● **Source material**
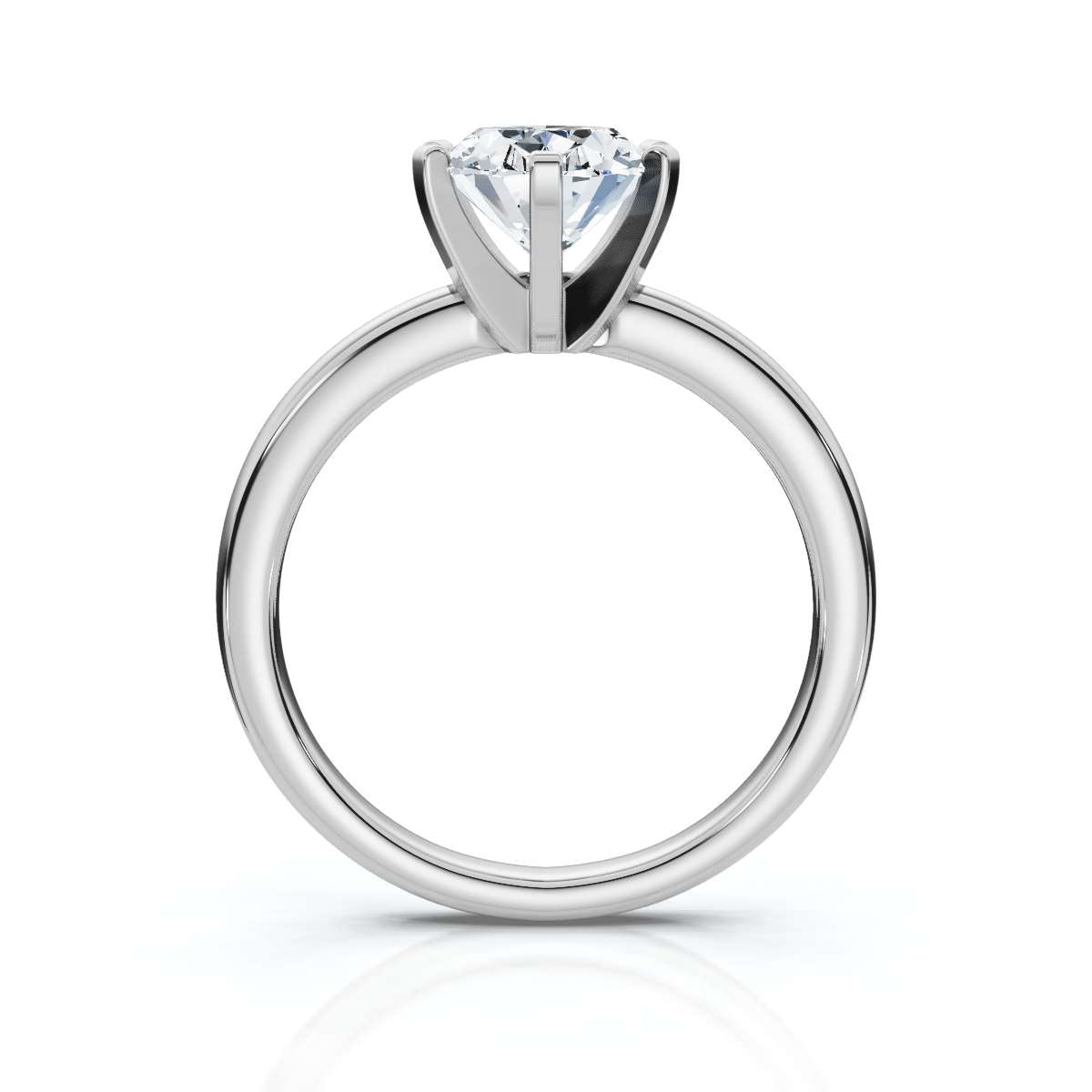 Oval 8287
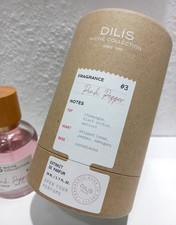 Dilis Niche Collection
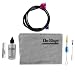 Play One MKHFH F. Schmidt French Horn Care Kit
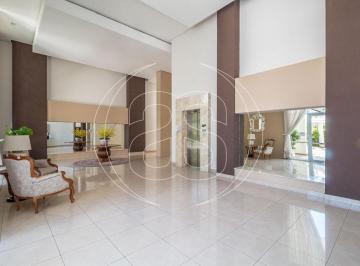 Apartamento · 159m² · 3 Quartos · 3 Vagas · APARTAMENTO NA REGIÃO DA CHACARÁ SANTO ANTONIO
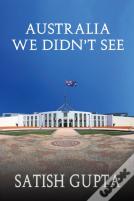 Australia We Didnâ€™T See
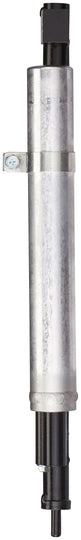 7-3086 Spectra Premium A/C Condenser Spectra Premium Canada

● **What is needed**
Reproduce every line above word for word; no images.

● **Worked solution**
 Oval 8287
 Dilis Niche Collection
 Play One MKHFH F. Schmidt French Horn Care Kit
 Apartamento · 159m² · 3 Quartos · 3 Vagas · APARTAMENTO NA REGIÃO DA CHACARÁ SANTO ANTONIO
 Australia We Didnâ€™T See
 7-3086 Spectra Premium A/C Condenser Spectra Premium Canada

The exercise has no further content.